### Your goal
Copy, pictures aside: the lines below from the one that holds "Frikadellen" through the final line of the listing, both ends included, exactly as they are and nothing else.

### Data provided
▶
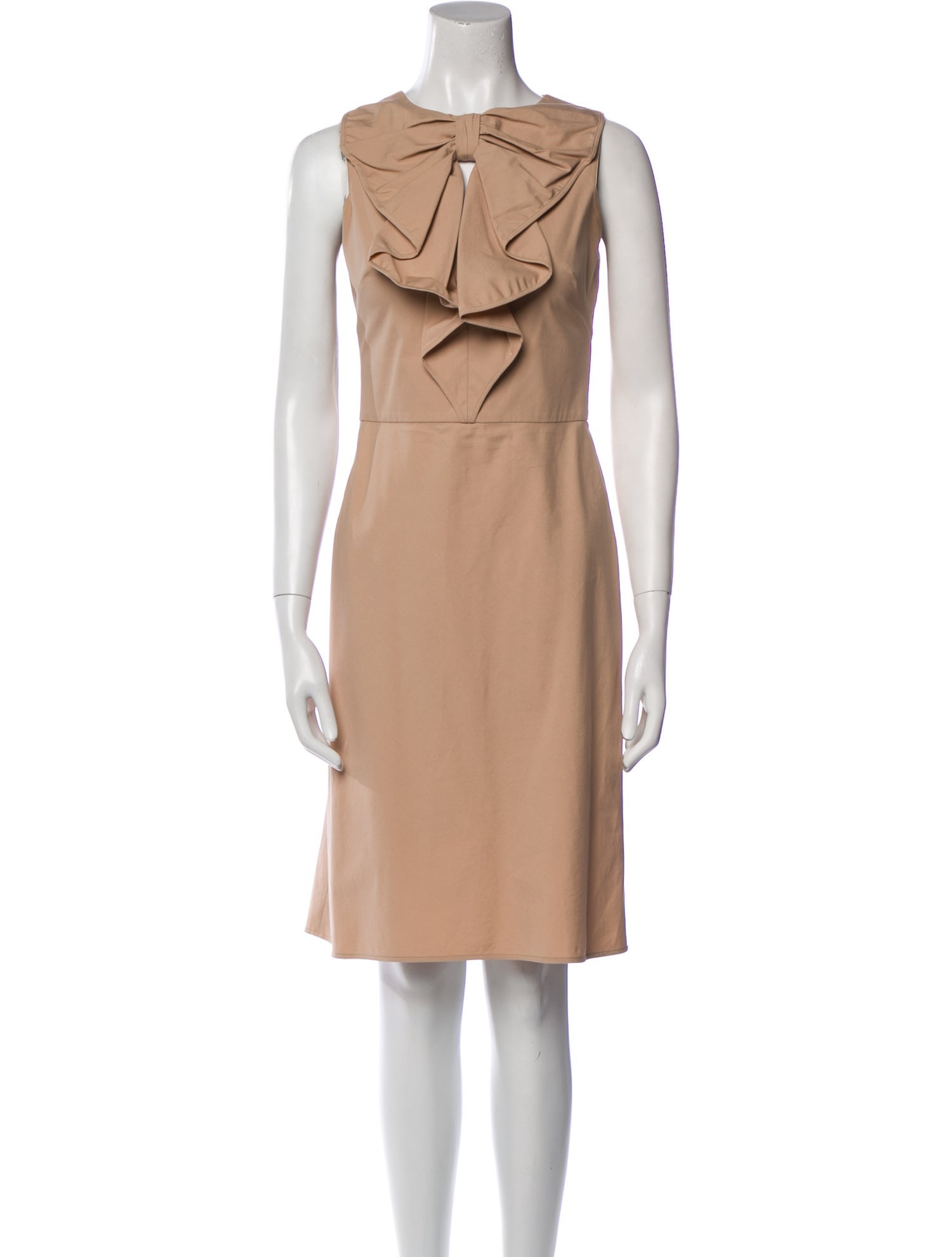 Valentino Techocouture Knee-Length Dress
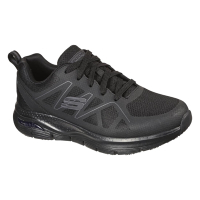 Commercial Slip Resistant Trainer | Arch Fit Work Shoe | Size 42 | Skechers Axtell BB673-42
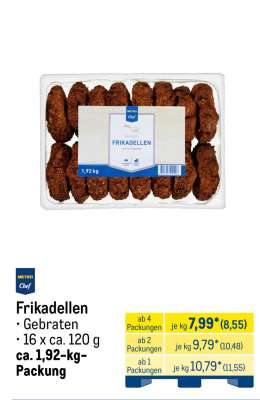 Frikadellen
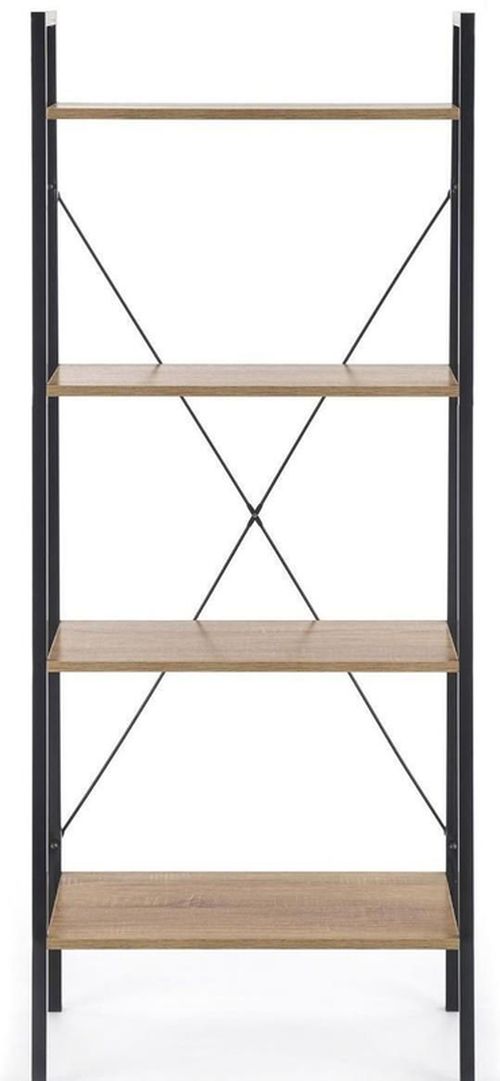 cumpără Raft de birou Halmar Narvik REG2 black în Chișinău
◀
### Answer section
 Frikadellen
 cumpără Raft de birou Halmar Narvik REG2 black în Chișinău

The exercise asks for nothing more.